• Input material:
┄┄┄┄┄┄┄┄┄┄┄┄┄┄┄┄┄┄┄┄
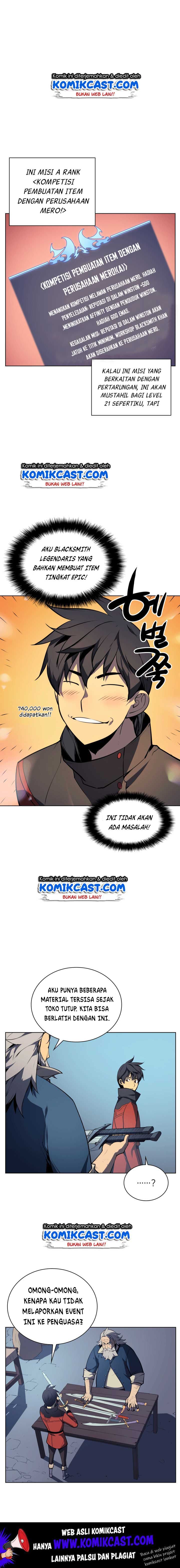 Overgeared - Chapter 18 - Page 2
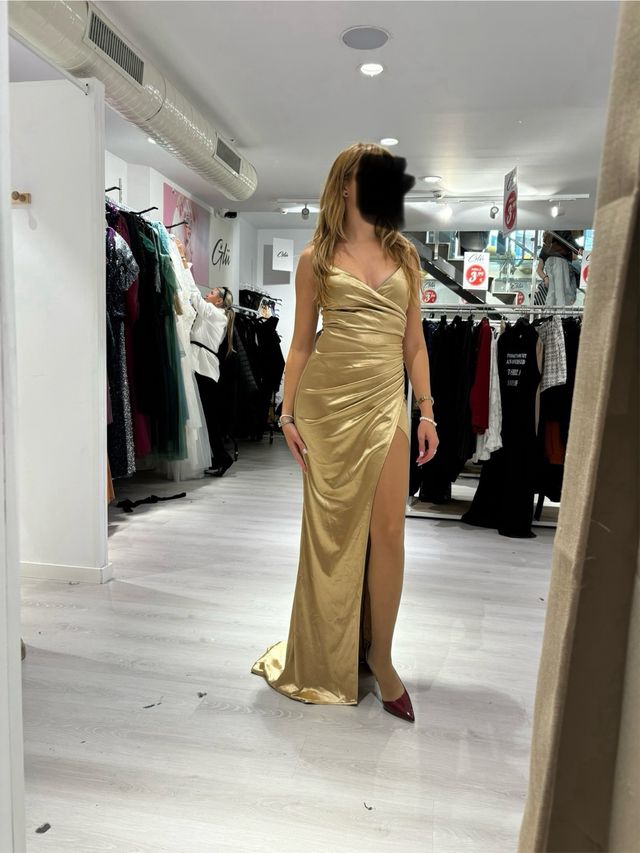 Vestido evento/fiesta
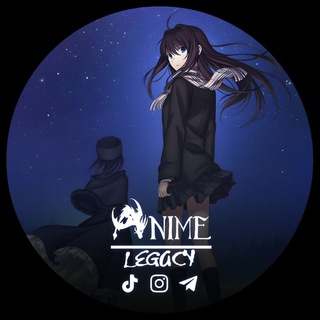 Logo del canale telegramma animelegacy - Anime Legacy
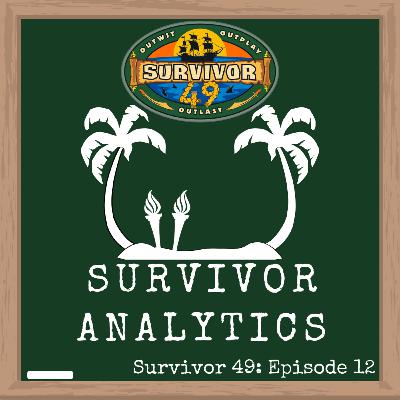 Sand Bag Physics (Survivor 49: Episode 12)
┄┄┄┄┄┄┄┄┄┄┄┄┄┄┄┄┄┄┄┄
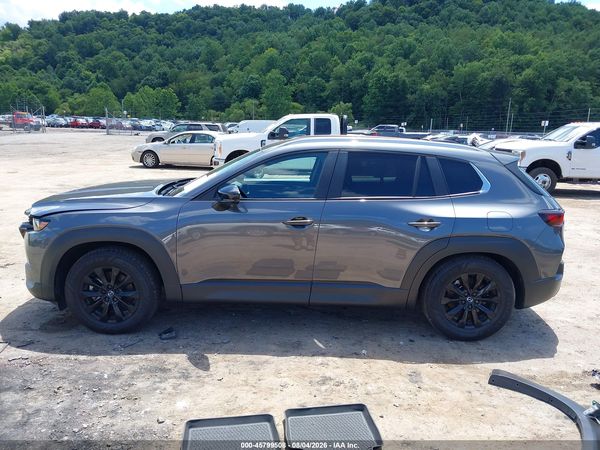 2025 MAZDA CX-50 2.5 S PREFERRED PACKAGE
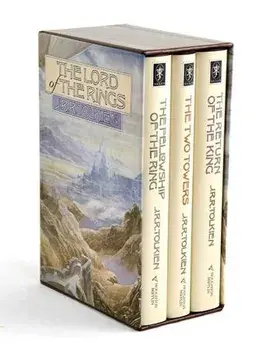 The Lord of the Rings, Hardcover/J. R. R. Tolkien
┄┄┄┄┄┄┄┄┄┄┄┄┄┄┄┄┄┄┄┄
• Action item: Above are the records; please give again, exactly and in full, only the lines that run from the line with "Overgeared - Chapter 18 - Page 2" through the line with "Sand Bag Physics (Survivor 49: Episode 12)", with no pictures.

• Response area:
 Overgeared - Chapter 18 - Page 2
 Vestido evento/fiesta
 Logo del canale telegramma animelegacy - Anime Legacy
 Sand Bag Physics (Survivor 49: Episode 12)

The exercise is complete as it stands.